Could you please output all of the data exactly, without the images?
Provided material Block Start
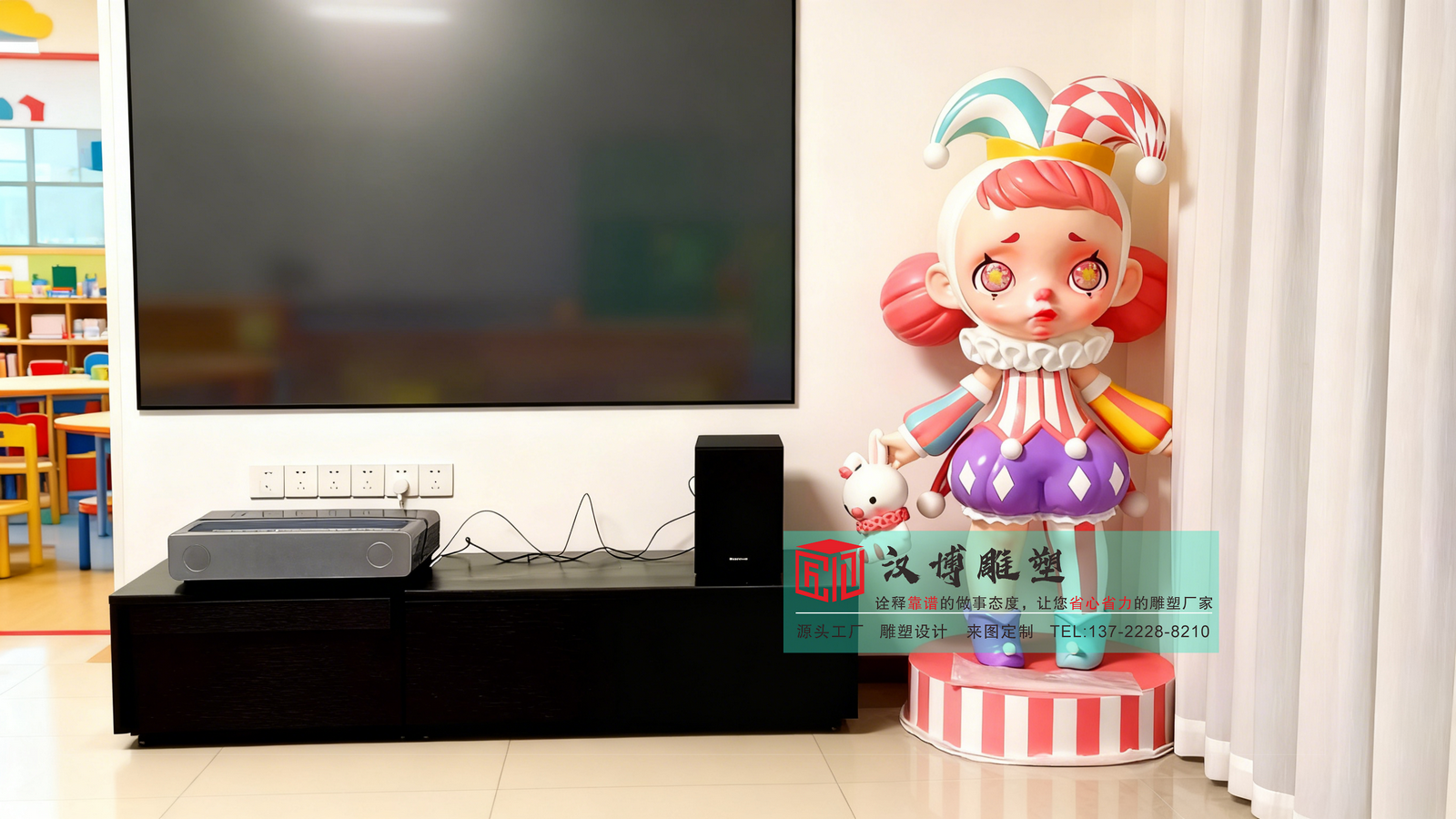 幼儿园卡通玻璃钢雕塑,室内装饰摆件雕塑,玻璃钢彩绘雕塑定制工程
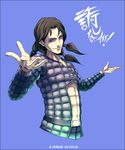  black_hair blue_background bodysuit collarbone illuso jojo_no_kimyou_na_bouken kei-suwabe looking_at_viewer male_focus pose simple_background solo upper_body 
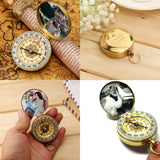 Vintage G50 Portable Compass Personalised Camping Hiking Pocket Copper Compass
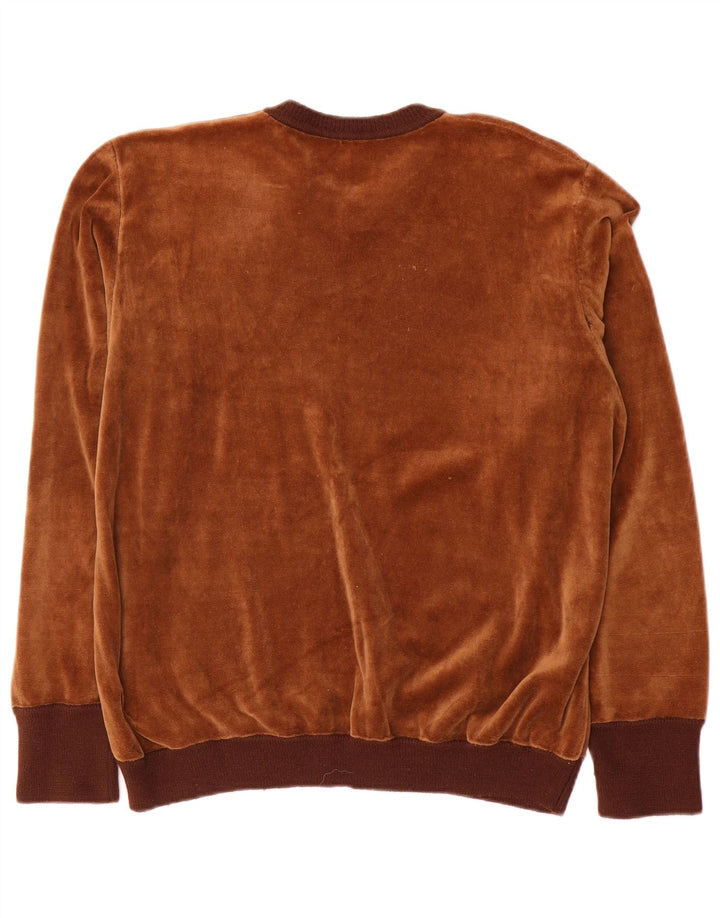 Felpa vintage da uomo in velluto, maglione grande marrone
Provided material Block End
> _Response box_
 幼儿园卡通玻璃钢雕塑,室内装饰摆件雕塑,玻璃钢彩绘雕塑定制工程
  black_hair blue_background bodysuit collarbone illuso jojo_no_kimyou_na_bouken kei-suwabe looking_at_viewer male_focus pose simple_background solo upper_body 
 Vintage G50 Portable Compass Personalised Camping Hiking Pocket Copper Compass
 Felpa vintage da uomo in velluto, maglione grande marrone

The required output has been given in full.